01:40 PM, Monday,07 April 2025
The Madras High Court on Monday (April 7, 2025) called for the postmortem report of an individual suspected of killing an elephant in the Pathanavadi reserve forest in Dharmapuri district in March this year, but who was found to have died under suspicious circumstances on April 4, 2025.
Justice G.K. Ilanthiraiyan directed Government Advocate (criminal side) A. Gopinath to produce the postmortem report on Tuesday (April 7, 2025), so that the court can determine the cause of death, as cited by forensic experts, before deciding on a plea for conducting a re-postmortem.
The judge also directed the Dharmapuri district police to preserve the body of the deceased, Senthil, at the local mortuary until the court could issue further orders on the matter. He instructed the government advocate to ensure that the body was not disposed of without the court’s approval.

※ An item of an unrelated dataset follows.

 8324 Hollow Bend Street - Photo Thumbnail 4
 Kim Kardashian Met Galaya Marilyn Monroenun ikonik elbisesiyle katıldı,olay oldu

The interim directions were issued on a writ petition filed by S. Chithra, 23, wife of Senthil, seeking a Central Bureau of Investigation (CBI) probe into the circumstances surrounding her husband’s death, as she suspected that forest officials had killed him.
The petitioner’s counsel K. Balu told the court that the Pennagaram Forest Range Officer had found the carcass of a dead elephant on March 1, 2025, and began an investigation into the death after registering a case under the Wildlife (Protection) Act of 1972 and Tamil Nadu Forest Act of 1882.
Claiming that the petitioner’s husband was a mason by profession, the counsel accused the forest officials of having picked him up, as well as his father and brother, for an inquiry on March 17, 2025, and assaulting them brutally, under illegal custody, in order to force them to confess to the crime.
In her affidavit, the petiioner said that her father-in-law was remanded to judicial custody on March 18, 2025, and that her brother-in-law was released from the custody of the forest officials on March 19, 2025. However, there was no whisper about the fate of her husband, she alleged.
The petitioner said that on April 2, 2025, the forest officials told her that Senthil had escaped from their custody on March 18, 2025, and that they had lodged a police complaint regarding it on March 19, 2025. On April 4, 2025, she was informed of her husband’s body having been found in Kongarapatti forest range in a decomposed state.
Pointing to photographs of the body, captured by the villagers, Mr. Balu said, the presence of a country made gun in the deceased’s hand appeared to be a planned exercise to create an impression that the petitioner’s husband had died by suicide.
Suspecting foul play behind the death of the petitioner’s husband, the counsel insisted that the investigation must be transferred to the CBI and that a team of forensic officials must be directed to conduct a re-postmortem of the body and record the entire proceedings on camera.